Field values are secure non-volatile storage. The length of a field is the number of consecutive 32-bit words it occupies. This can be up to 16 words for non-transferrable fields, and up to 2 words for transferrable fields.

Writeable field values are stored in the Read-Write Storage Array, and can be repeatedly updated, subject to proper authentication.

Read-only field values are stored in the Read-Only Storage Array, and can be written to once. Thereafter they are read-only.

A field descriptor must be defined before the field value can be written.

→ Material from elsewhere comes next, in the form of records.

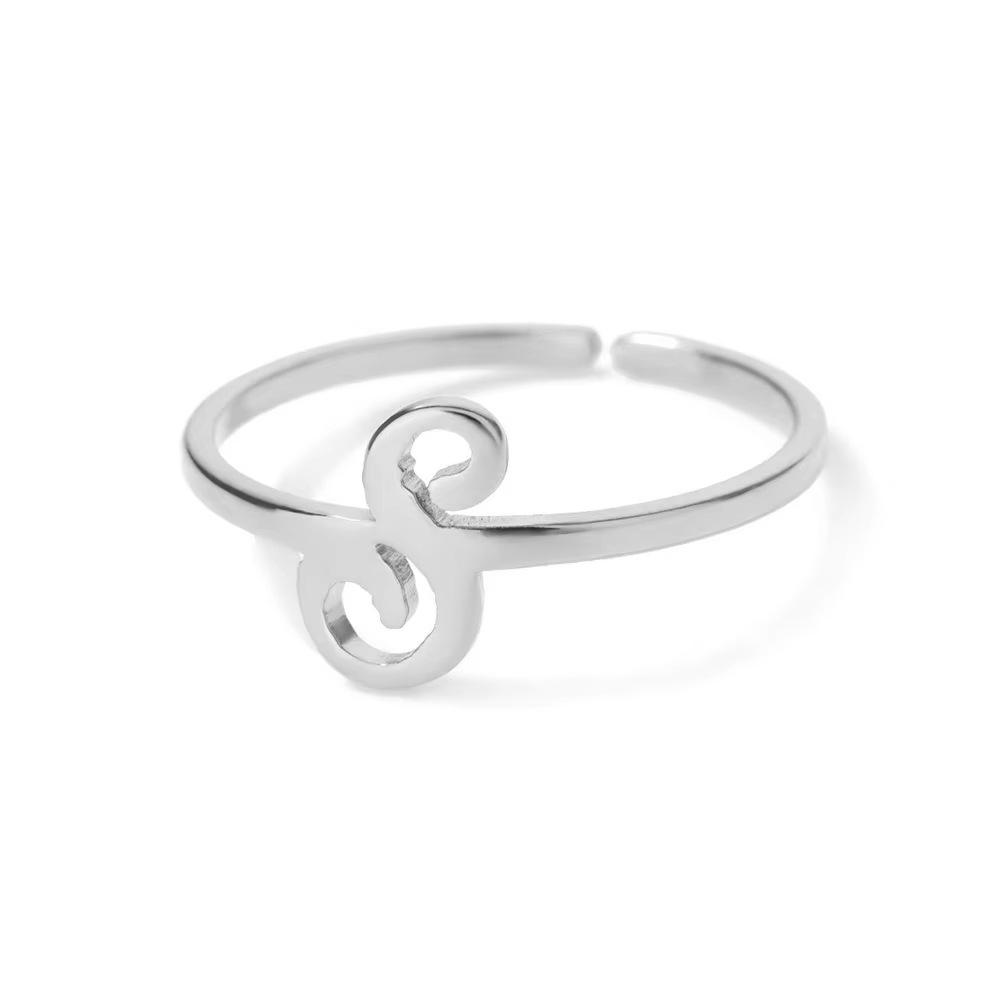 Stylish Adjustable 26-Letter Stainless Steel Ring for Women - A-Z Personalized Initial Finger Ring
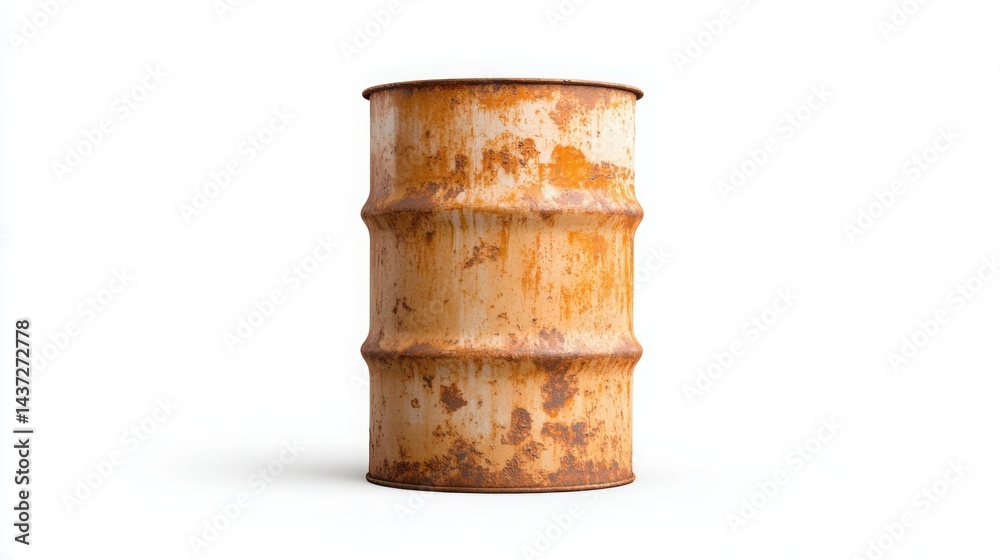 Naklejka premium Rusty oil barrel on white background with shadow 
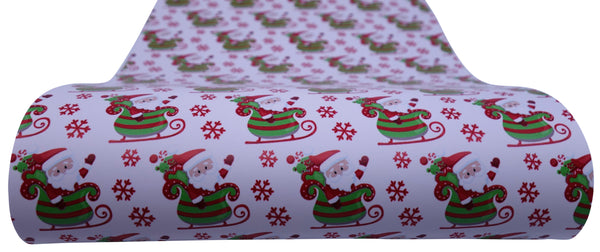 "Santa's Sleigh" Ultra Smooth Christmas Faux Leather sheet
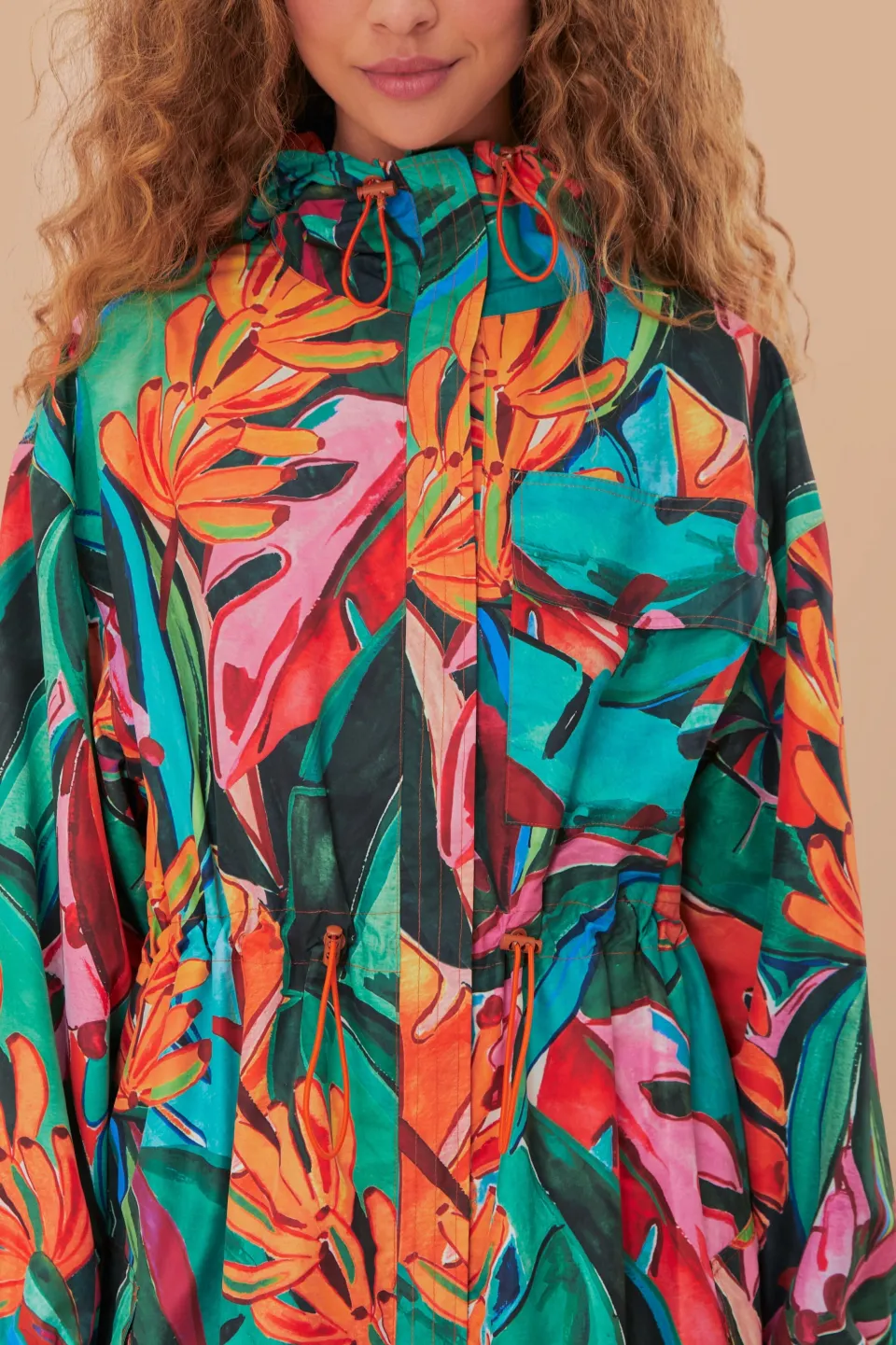FARM Rio Imperméables Et Parapluies|Manteaux<Imperméable Maxi Feuillage Banane Vert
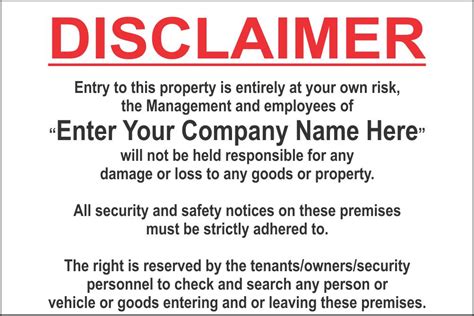 Disclaimer Notice Safety Sign Dis001 Safety Sign Online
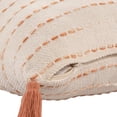 thumbnail image 4 of Laddha Home Designs Handwoven Reversible Striped Throw Pillow - 20" - Beige and Orange - Set of 2, 4 of 9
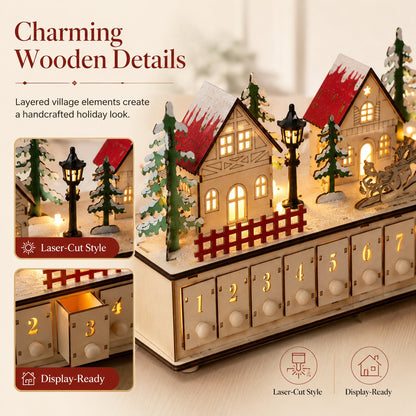 🔔 Last Day 50% OFF✨-🎄Wooden Village Advent Calendar with LED Glow for Cozy Christmas Countdown Fun 🏠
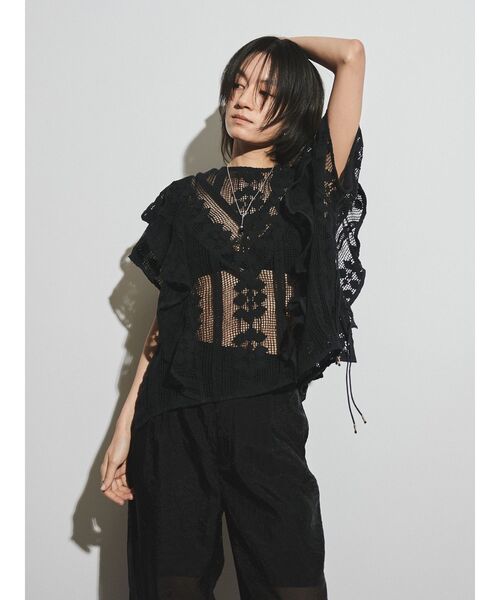 Ungrid - Ungrid♡フリルドットブラウス Ungrid ブラウス シャツ 「Htage」レースシアーフリルブラウス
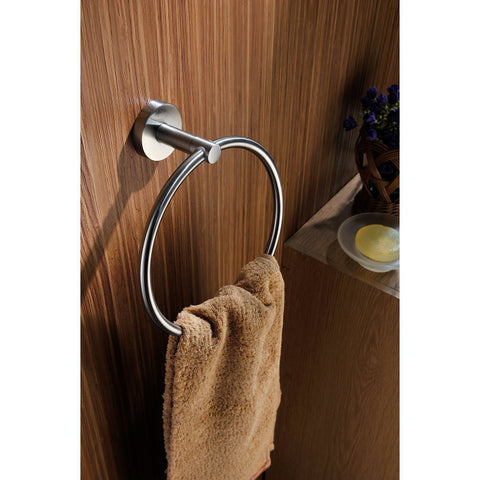 AC-AZ005BN - Caster Series Towel Ring in Brushed Nickel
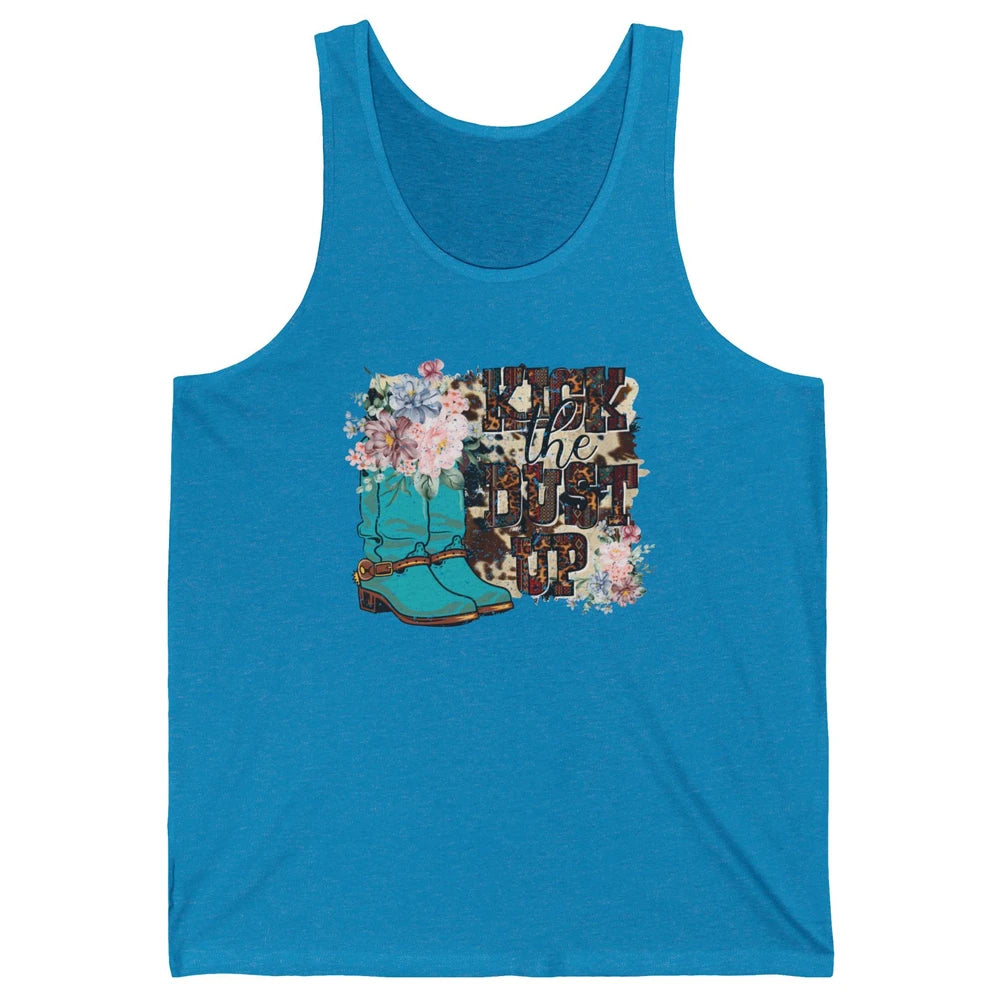 Retro Floral Cowgirl Boot Kick The Dust Up Western Country Unisex Jersey Tank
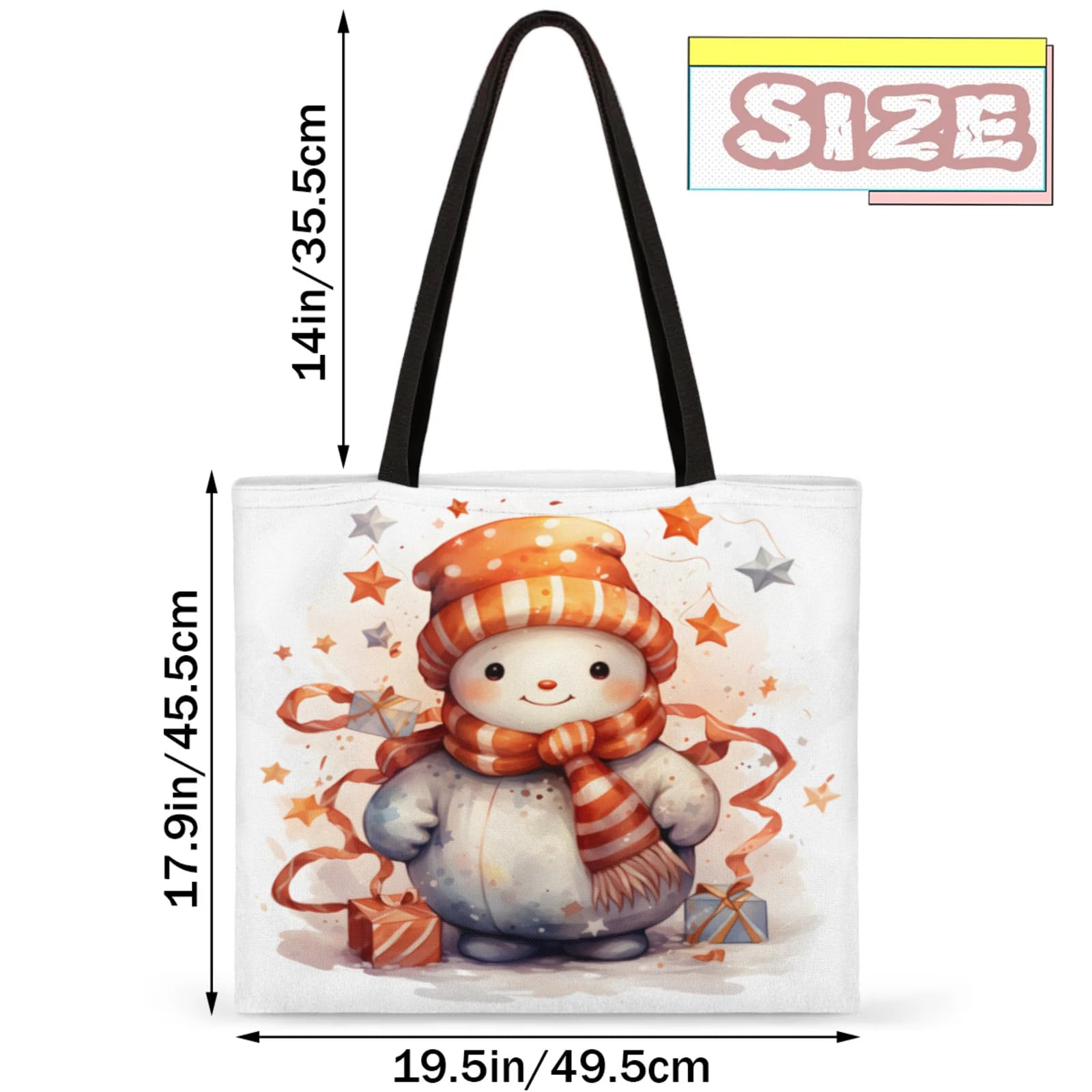 Mularoka Cute Cartoon Watercolour Snowman Square Canvas Tote Bag Top Handle Purses Stylish Women Canvas Shoulder Tote Bags Reusable Handbags for Work Travel Picnic Beach Shopping Gym Hiking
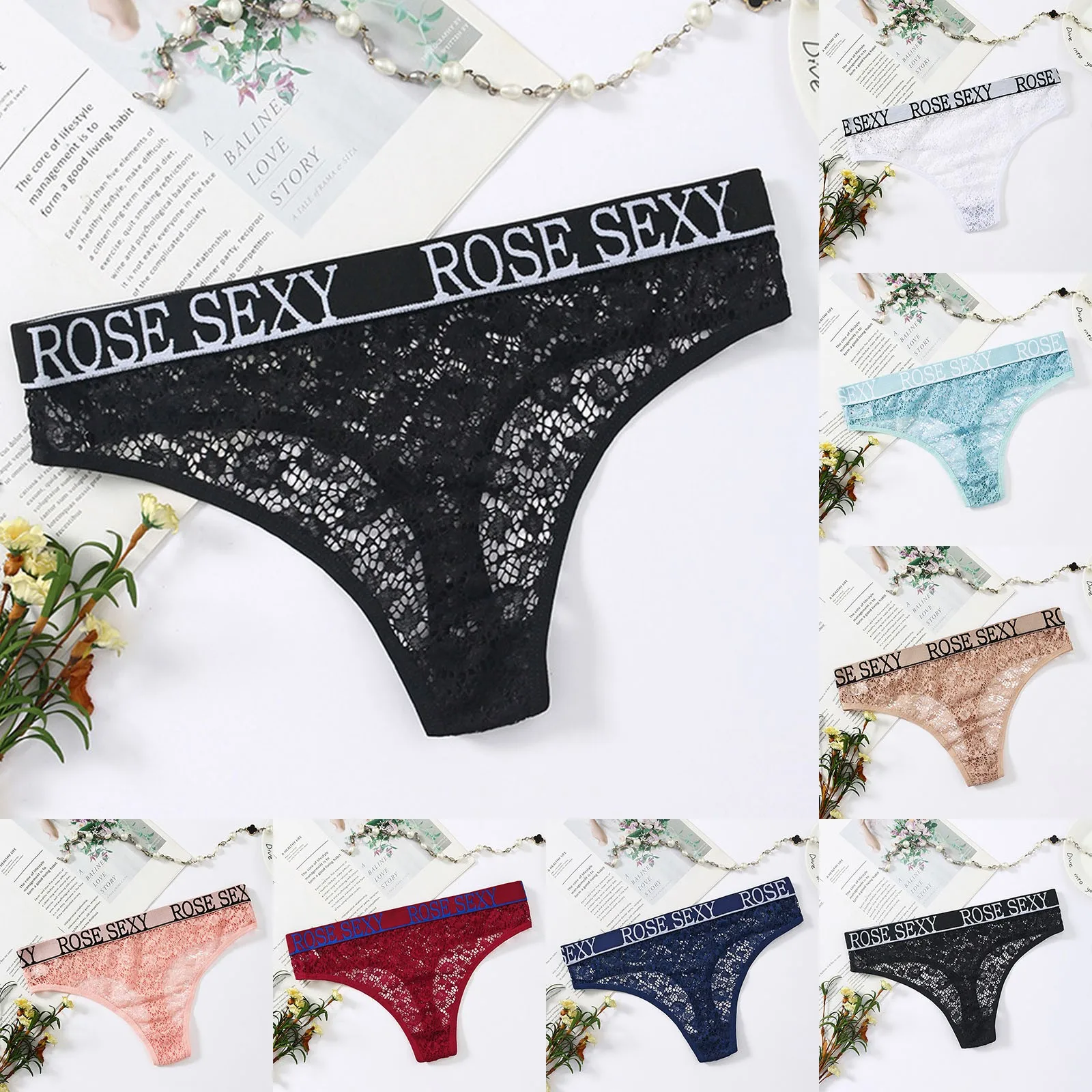 Underwear Thongs Breathable Lingerie Panties G-string Hollow Out women cotton panties Lace letters thong Floral Letter Printed
Underwear Thongs Breathable Lingerie Panties G-string Hollow Out women cotton panties Lace letters thong Floral Letter Printed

The Create Fields command initialises the field value to 0, except for the case of a decrement-only field, in which case the Create Fields command initialises it to all Is.

8.5 Examples of Fields

8.5.1 A Set of Fields in a QA Device

Suppose for example, we want to allocate some fields as follows:

- field 0: manufacture date. (write once then read-only, 1 word)
- field 1: volume of magenta ink (writeable, 2 words)
- field 2: printer feature (writeable, 1 word)
- field 3: quantity of licences (writeable, 1 word)
- field 4: printer licence (write-once then read-only, 1 word)

Manufacture date occupies 2 words of ROS. The manufacture date field value occupies ROS[1] and is the time of manufacture, in seconds since midnight Jan. 1, 1970. The field descriptor occupies ROS[0], and specifies:

- Read-only
- TransferMode=0 (Other)
- Type=manufacture date
- Written=1
- Size=1 word

Volume of magenta ink occupies 2 words of ROS and 2 words of RWS. The field value is ink measured in picolitres, and occupies RWS[0-1]. The field descriptor is 2 words long, occupies ROS[2-3], and specifies:

- Writeable
- TransferMode=quantity of consumables
- Type=magenta ink
- Size=2 words
- Maximum allowed=a value which limits how much the value can be set to (e.g. 128 mL)
- The second word of the field descriptor is the compatibility word, with the “who I am” and “who I accept” fields.

The printer feature occupies 2 words of ROS and 1 word of RWS. The field value is the printer feature value, and occupies RWS[2]. The field descriptor is 2 words long, occupies ROS[4-5], and specifies:

- Writeable
- TransferMode=Single property
- Type=printer feature (e.g. number of pages per minutes)
- Size=1 word
- The second word of the field descriptor is the compatibility word, with the “who I am” and “who I accept” fields.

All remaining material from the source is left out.